5 O SENHOR, porém, desceu, a fim de ver a cidade e a torre que os homens estavam a edificar. 6 E o SENHOR disse: «Eles constituem apenas um povo e falam uma única língua. Se principiaram desta maneira, coisa nenhuma os impedirá, de futuro, de realizarem todos os seus projectos. 7 Vamos, pois, descer e confundir de tal modo a linguagem deles que não consigam compreender-se uns aos outros.»
8 E o SENHOR dispersou-os dali por toda a superfície da Terra, e suspenderam a construção da cidade. 9 Por isso, lhe foi dado o nome de Babel, visto ter sido lá que o SENHOR confundiu a linguagem de todos os habitantes da Terra, e foi também dali que o SENHOR os dispersou por toda a Terra.

Pieter Bruegel, o Velho, Torre de Babel, 1563
Kunsthistorisches Museum, Viena

Na interpretação vulgar deste mito é comum acentuar o carácter negativo de Babel, encarada como símbolo da soberba humana. De acordo com esta leitura, a diferenciação da “língua única” tem o amargo sabor de um castigo divino e é a prova de que estamos definitivamente fora do espaço e do tempo paradisíacos, outrora usufruídos no Jardim do Éden... Ora bem, a leitura corrente passa ao lado de um aspecto essencial: se com a expulsão do Paraíso, o par humano perdeu a imortalidade mas ganhou a liberdade, com a suspensão da Torre de Babel, a comunidade humana perdeu a unicidade e, por isso mesmo, ganhou a consciência da importância da solidariedade que deve existir tanto entre os homens, como entre as nações. Pois só aspira à reunião quem se encontra separado.

O paralelismo e a complementaridade entre os dois mitos podem ser sintetizados na ideia de que só são verdadeiramente livres aqueles que são incondicionalmente solidários com os seus semelhantes. Se assim é, a expulsão do Éden e a dispersão a partir de Babel não devem ser encaradas como situações puramente negativas, mas antes como o prenúncio de algo positivo. Nos momentos críticos é necessário tomar consciência dos limites acanhados do passado se quisermos evoluir para um futuro mais completo e universal.
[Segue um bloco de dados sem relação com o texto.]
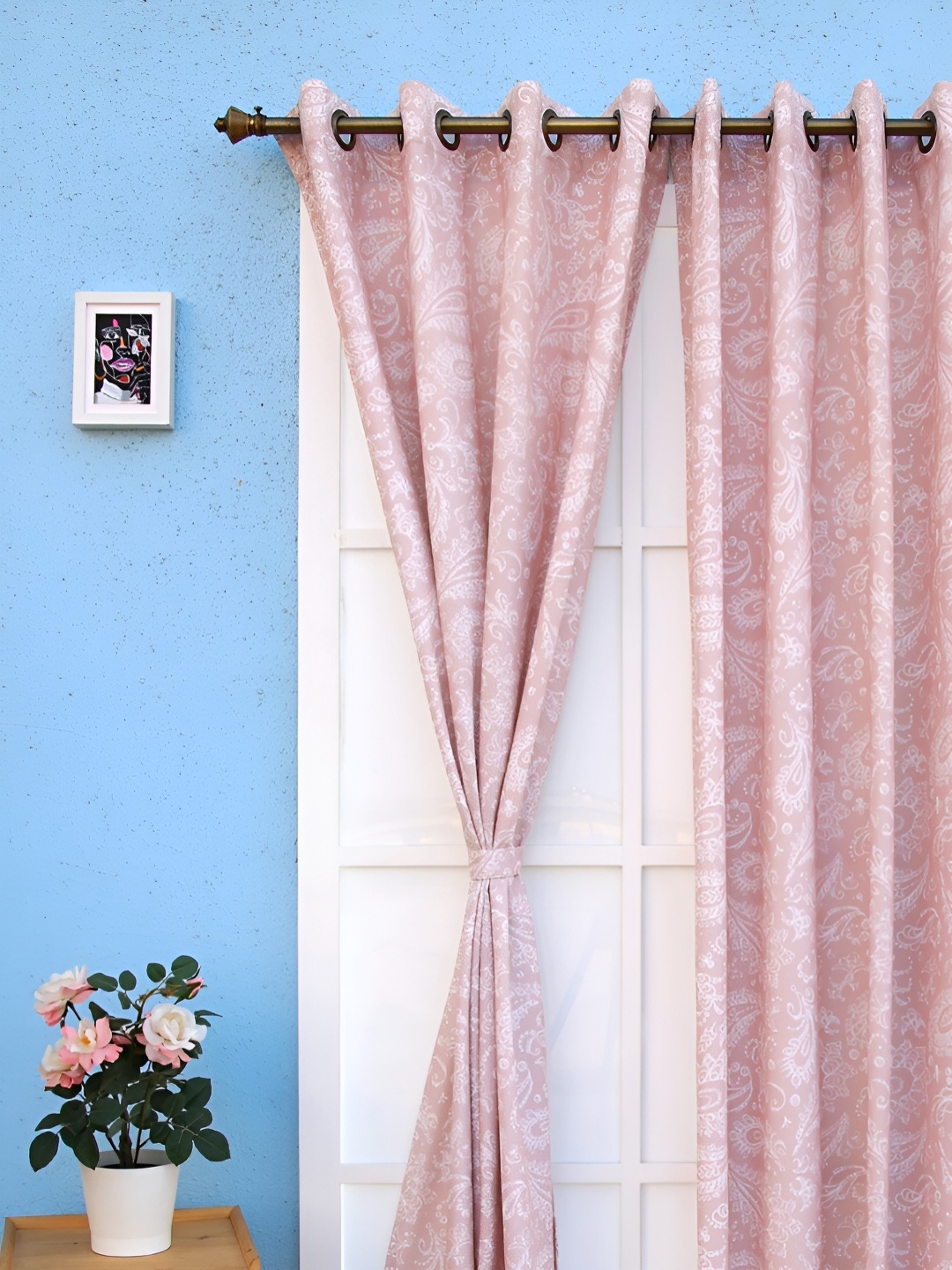 

Ariana Peach & White Ethnic Motifs Window Curtain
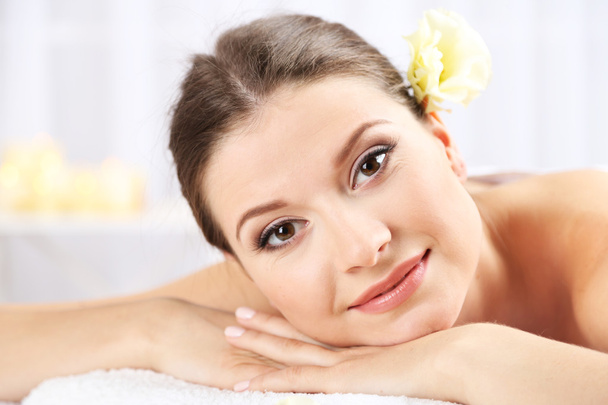 Beautiful young woman having relax in spa salon - Foto, afbeelding
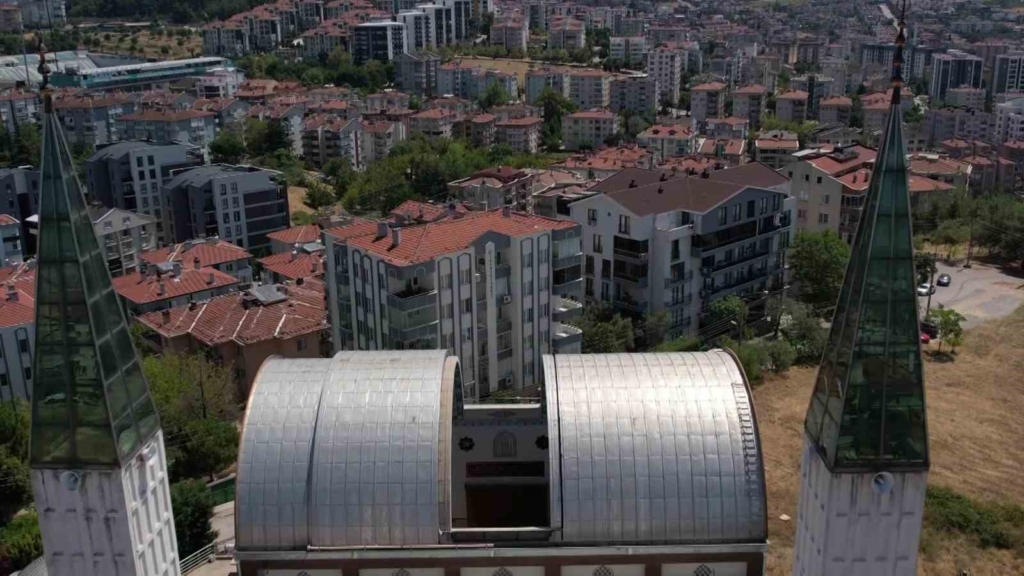 Bursa’daki ’Sunrooflu Cami’ mimarisiyle dikkat çekiyor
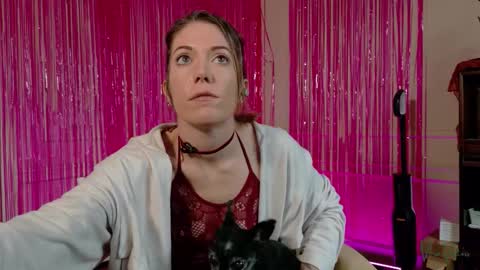 Vera Victors online show from November 2025 07:49:02 PM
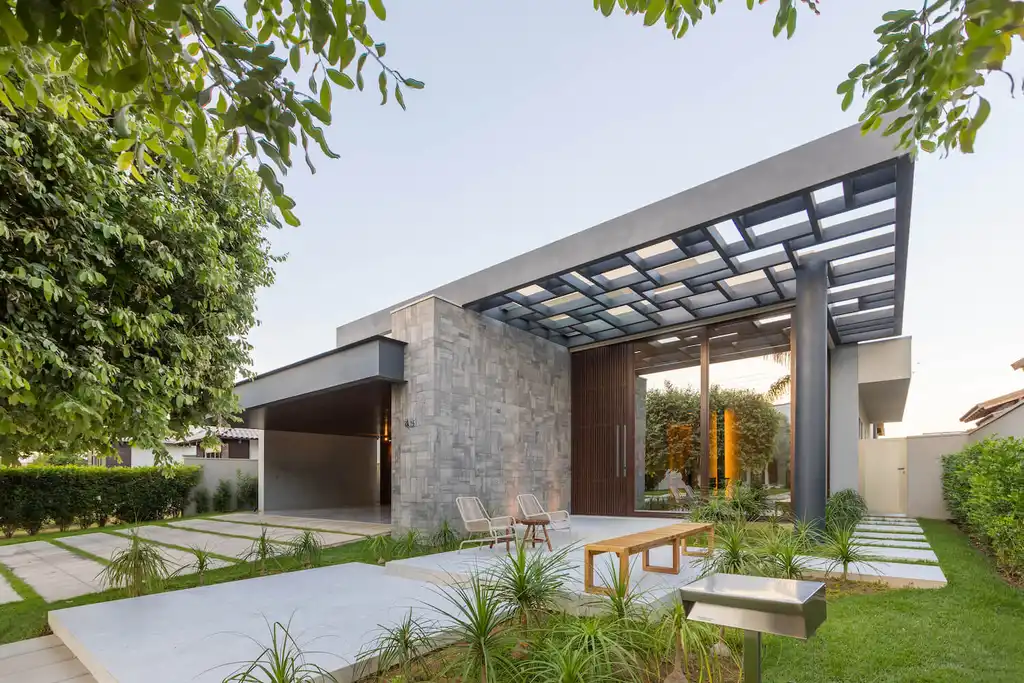 Pendulum House by Truvian Arquitetura, A Fusion of Functionality, Elegance, and Nature 
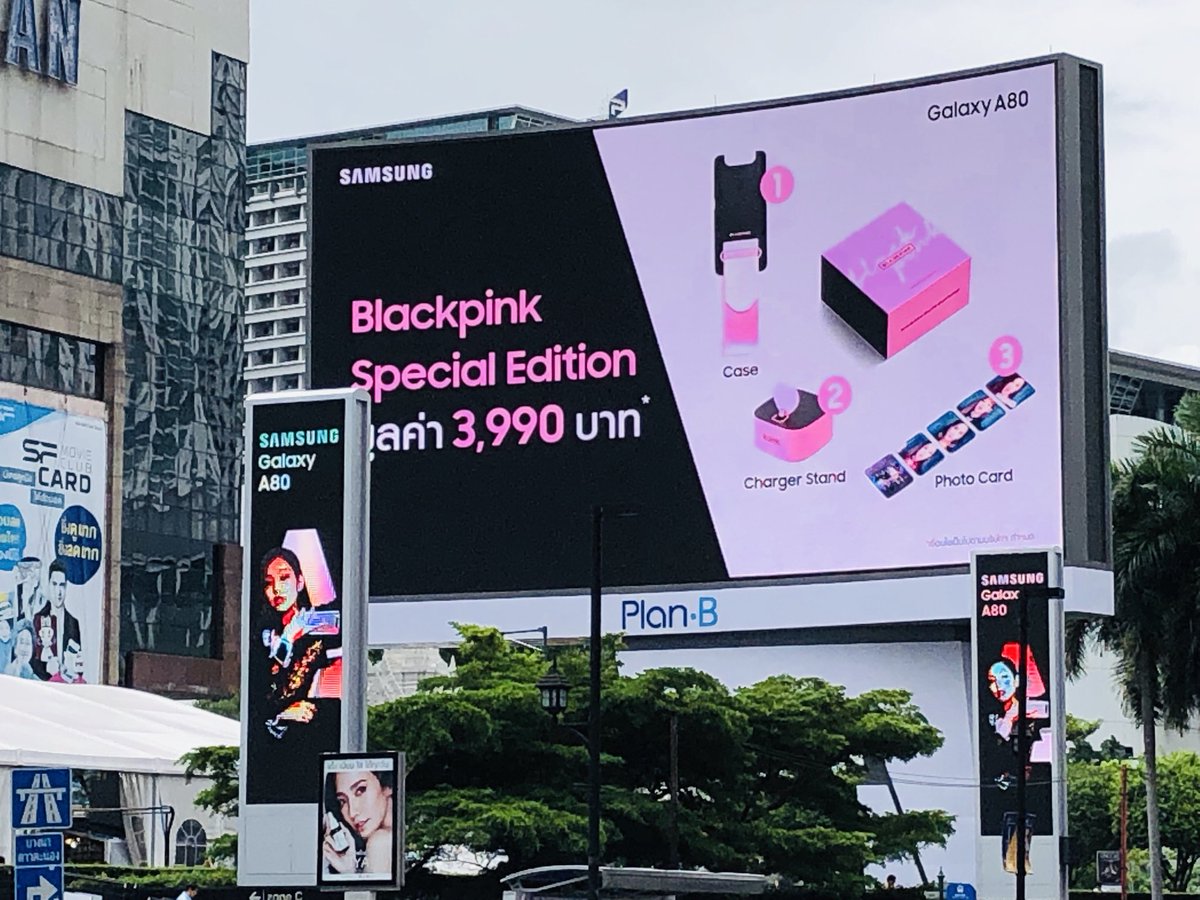GimbapBear's tweet photo. 夏休みでバンコク行ってきたんですけど結構BLACKPINK推しでした🖤💖
やぱリサちゃんいるからかな？ https://t.co/RERJN2qknF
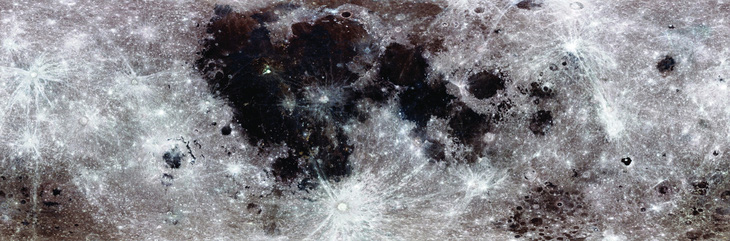 Mặt trăng thực tế mang một màu xám ủ rũ do tàu quỹ đạo trinh sát Mặt trăng chụp.  Ảnh: NASA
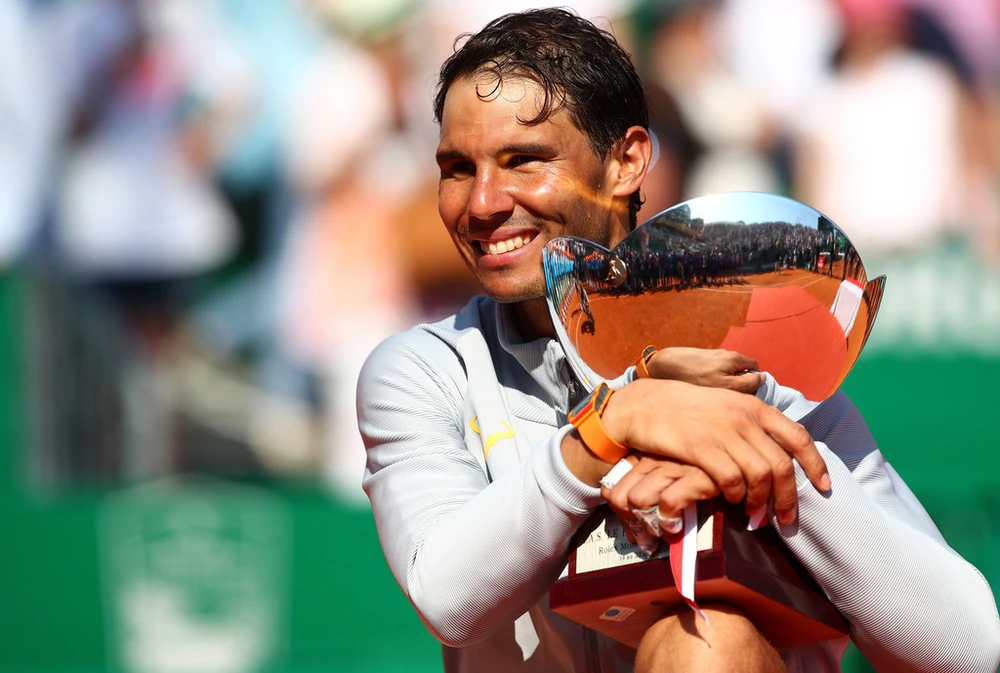 Rafael Nadal và chiếc cúp vô địch Monte Carlo Masters 2018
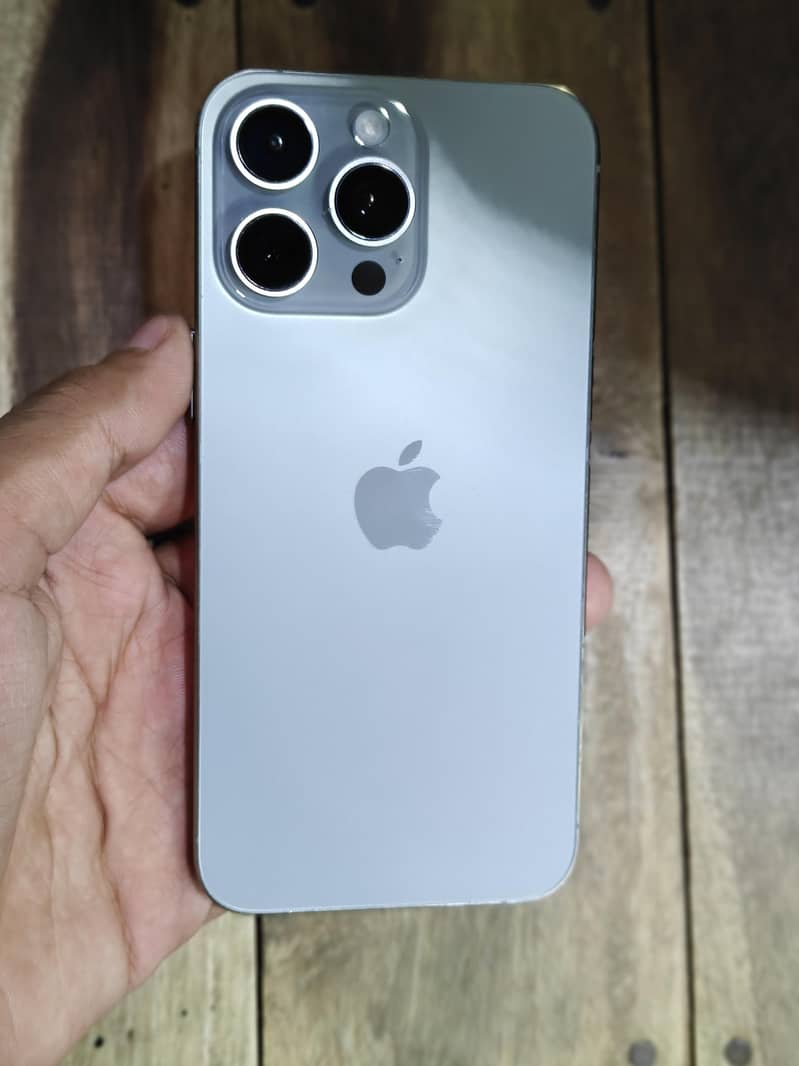 Apple iPhone 15 Pro Max 0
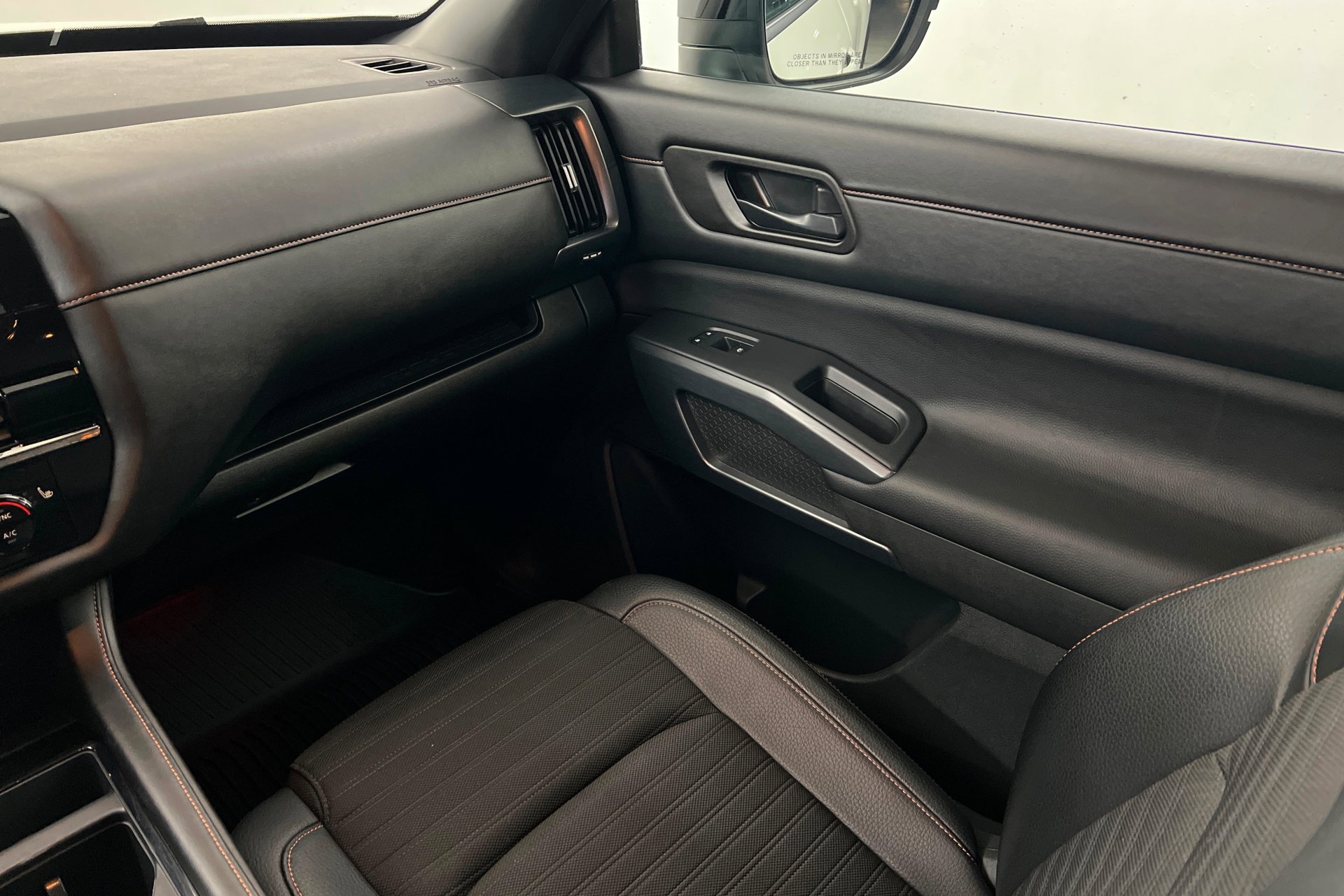 Used 2024 Nissan Pathfinder Rock Creek image 11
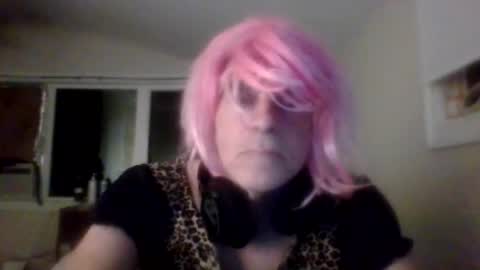 justinefox online show from September 28, 2025, 1:11 am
Sem Babel e sem a confusão das línguas a palavra seria plana, sem elevação, a música seria monocórdica, sem harmonia, e a poesia pura e simplesmente não existiria... Sem Babel e a sua confusão faltaria o impulso para o ordenamento racional da cidade. E sem esse impulso, os gregos não teriam sido levados a impor à “palavra”, logos (λόγος), o sentido de “razão”, um passo essencial para contrariar a ruína anunciada da cidade dos homens ou, dito de outra forma, um passo essencial para construir a cidade democrática e solidária.

A cidade governada por uma razão promotora da solidariedade entre os cidadãos parece ser uma utopia inatingível. Mas, à luz do mito de Babel, mesmo correndo o risco de iniciar uma obra destinada a ser interrompida, não devemos desistir dessa utopia. A catástrofe final não é garantida pois, como nos assegura Pedro Calderón de la Barca, no siempre lo peor es cierto.